As it turns out, this alleged manuscript was published years later, and it’s a tiny scrap, from the late second or early third century.  The most important point for Sabar’s article, though, is that this was just the tip of the iceberg.  Once investigators wondered why a manuscript that dated from around 200 CE was being touted as coming from as early as 70 CE (virtually the time Mark actually wrote his Gospel), and wondering who had dated it, and who had possession of it, and how they had acquired possession of it, and whether they may have acquired other manuscripts that also were not what they purported to be, and on and on – once investigators did their work, they realized that not only was the claim about the dating and significance of this manuscript completely false, there was a lot of other fraud going on.

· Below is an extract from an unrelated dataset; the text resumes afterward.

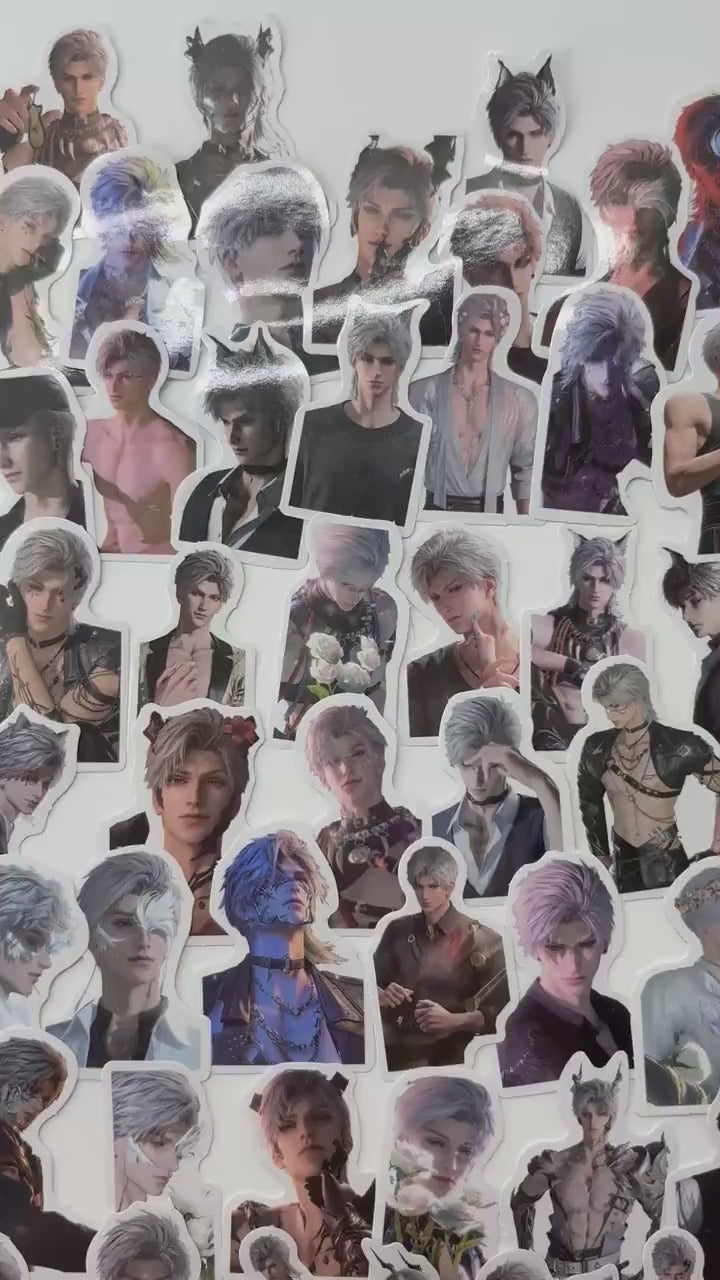 Love and Deepspace Sylus Stickers, Anime Gamer Decals - 50pcs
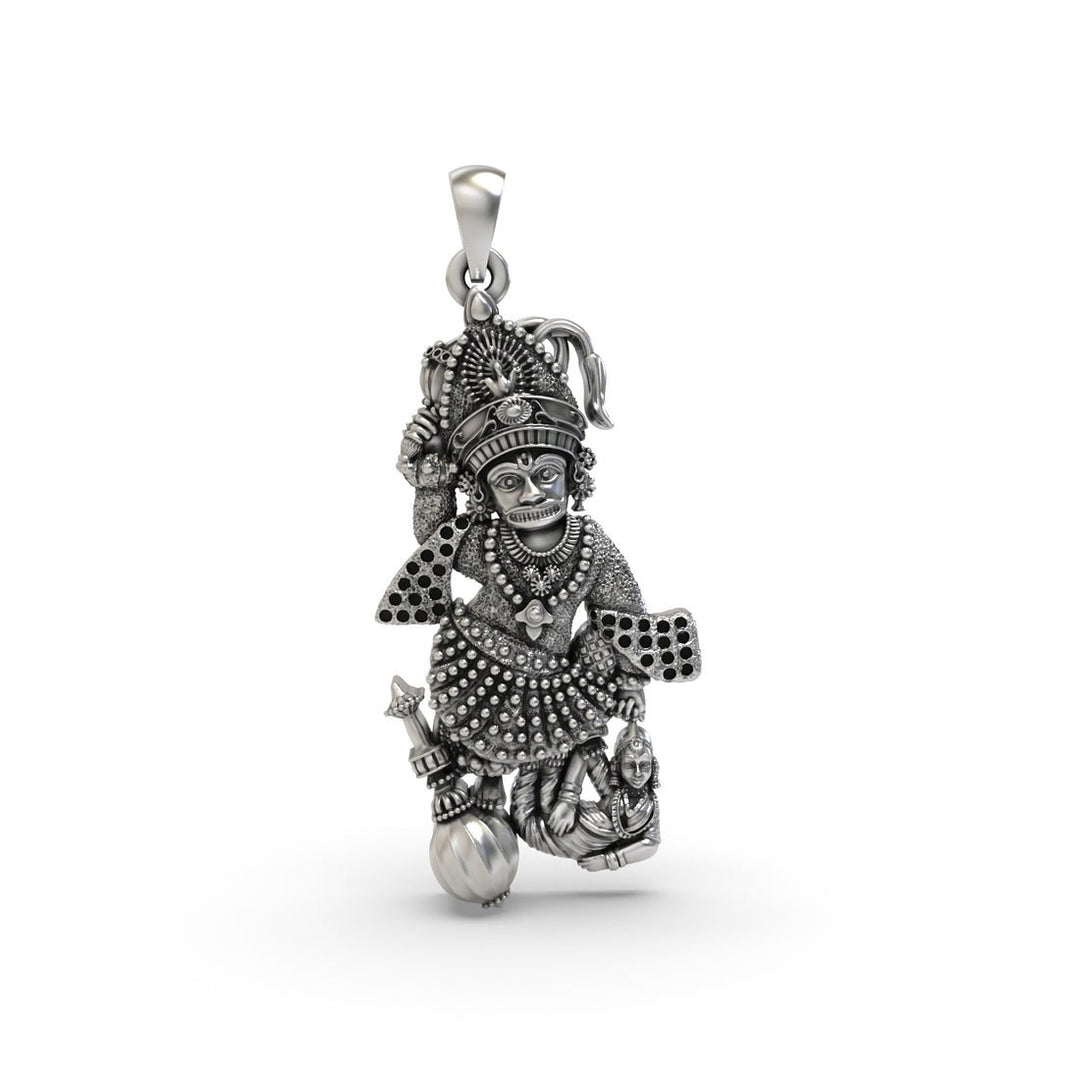 92.5 silver Lord Hanuman Pendant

The article shows that Obbink was at the heart of it.  He made millions of dollars selling manuscripts that he actually did not own, sometimes by convincing buyers that they were something other than what they were – including not just this scrap of Mark but also several other biblical manuscripts that he also falsely claimed (knowing otherwise) were from the first century.

Why would anyone pay millions of dollars for such things?  The Green family that owns Hobby Lobby was acquiring manuscripts for the Museum of the Bible that opened up in Washington D.C. in 2017.  The family is passionately evangelical in its religious commitments; the Museum is designed to show not only the cultural significance of the Bible (e.g. in the fight against slavery and for women’s rights; some critics, of course, might find these claims a shade dubious) and its religious importance, but also to prove that the Bible is accurate in every way and a completely reliable guide to what one should think and how one should live. In other words, it is a museum on a mission.

There have been huge questions raised about the ethics of the entire enterprise of the museum – most importantly by biblical scholars Joel Baden and Candida Moss in their damning book Bible Nation: The United States of Hobby Lobby.  But now we have a fuller article that exposes even more of the depths of deceit and fraud used to further its religious agenda, involving unscrupulous financial transactions, scholarly lies, deceptive practices, faked antiquities, claims by members of the family and employees connected with the Museum that they knew were false but that they advanced all to serve their religious agenda.  And, for some, to raise their public profile and to turn a hefty profit.

Don’t take my word for it.  Read the article.

Let me say that I know a lot of the people mentioned in the article, on both sides.  Including some of the people who became involved with the museum and its mission only after this long period of fraudulent activity had occurred (including my oldest friend in the field).  These particular people are upright and honest, committed to the purposes of the Museum, but eager to clean up its sullied reputation.  Still, it is deeply sullied indeed.

The whole mess returns me to a question I have pondered intensely for years.  On one hand, I completely understand the profit motive.   Obbink does not appear to have had any religious or ideological motivation behind what he did; the article suggests he simply did it for the money.  OK, we all get that one.  We’re talking millions of dollars here.

But the others who were involved, the evangelical Christians intent to prove the accuracy of the Bible at just about any cost, literally.  Why would they go to such lengths?

My question is two-pronged.  The first prong is really just puzzling to me, and I wonder how often such people see the irony.  Why would they invest hundreds of millions of dollars to prove that Jesus spoke the truth instead of simply following his teachings?  (Think Matthew 25:31-46.)  My personal view is that billionaires should spend their money any way they want, and they certainly don’t need my permission.  But if what they want is to advance the agenda of Jesus, why would they spend many millions on scraps of papyrus instead of using the same funds to help people in desperate need?

The second prong of my question is far more damning.  It’s a matter I have reflected on deeply for many years.  Why are some intensely religious people so eager to perpetuate deceit and lies in order to prove the “truth”?